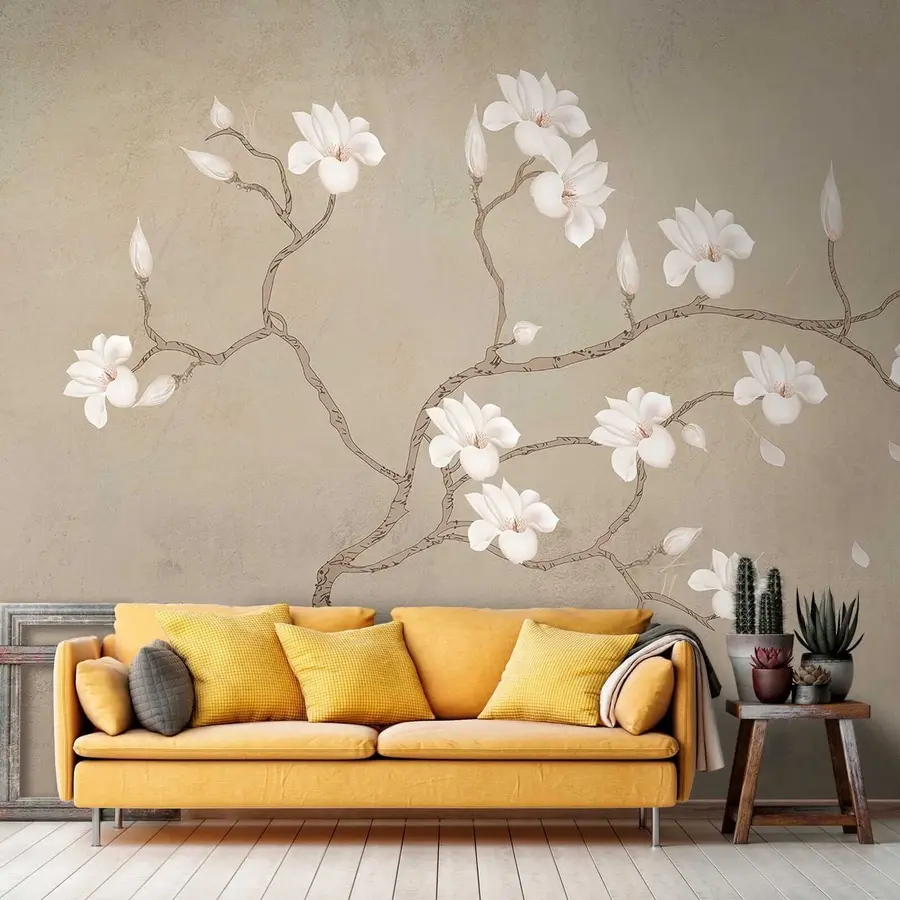 murales de pared El árbol floreciente de la magnolia u17493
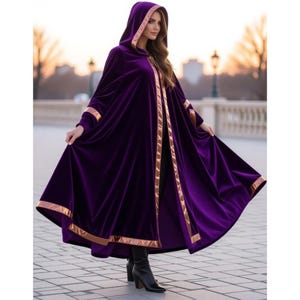 Royal Purple Velvet Hooded Cloak Cape | Medieval Renaissance Fantasy Coat | Gothic Cosplay Wizard Witch Robe | Handmade Costume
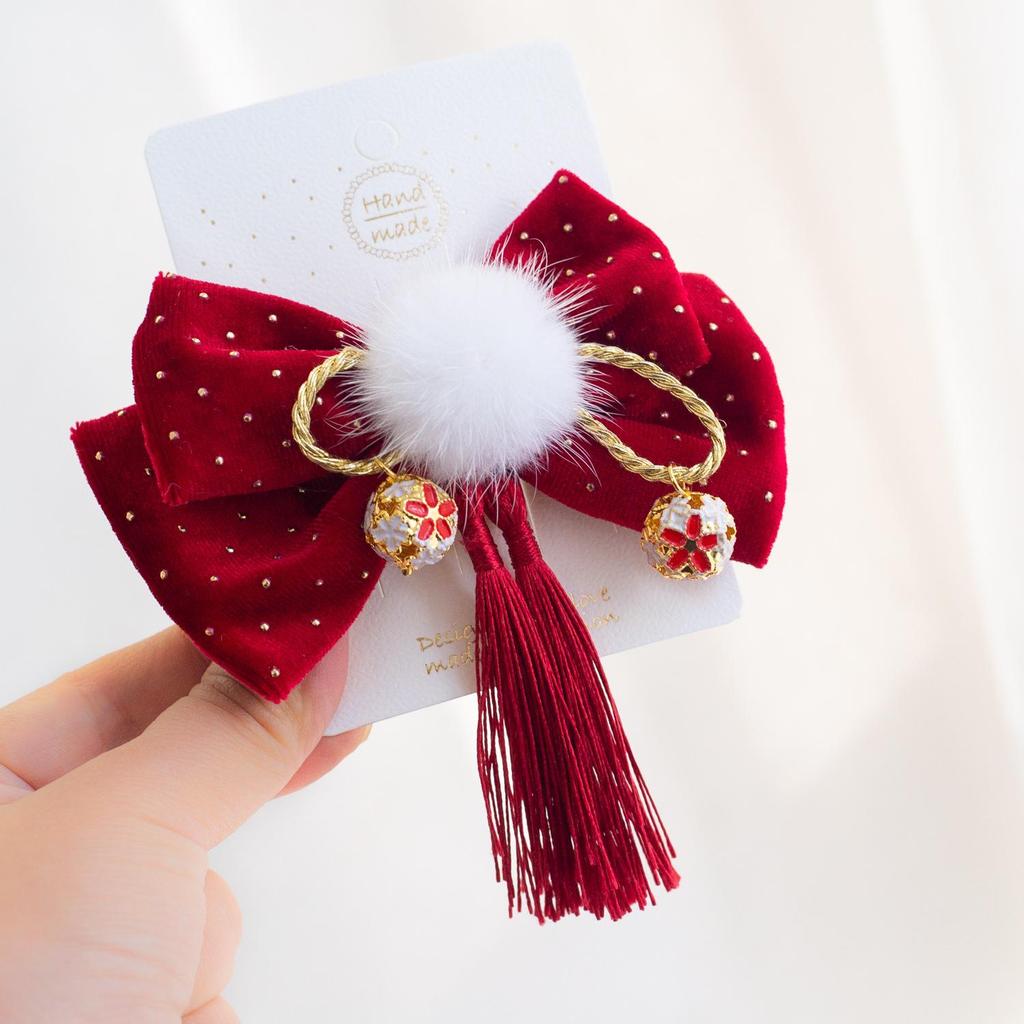 Little Girl Burgundy Bow Tang Suit New Year Hair Clip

**Work to be completed:** What you return must match the material above exactly, apart from its pictures.

**Finished exercise:**
 murales de pared El árbol floreciente de la magnolia u17493
 Royal Purple Velvet Hooded Cloak Cape | Medieval Renaissance Fantasy Coat | Gothic Cosplay Wizard Witch Robe | Handmade Costume
 Little Girl Burgundy Bow Tang Suit New Year Hair Clip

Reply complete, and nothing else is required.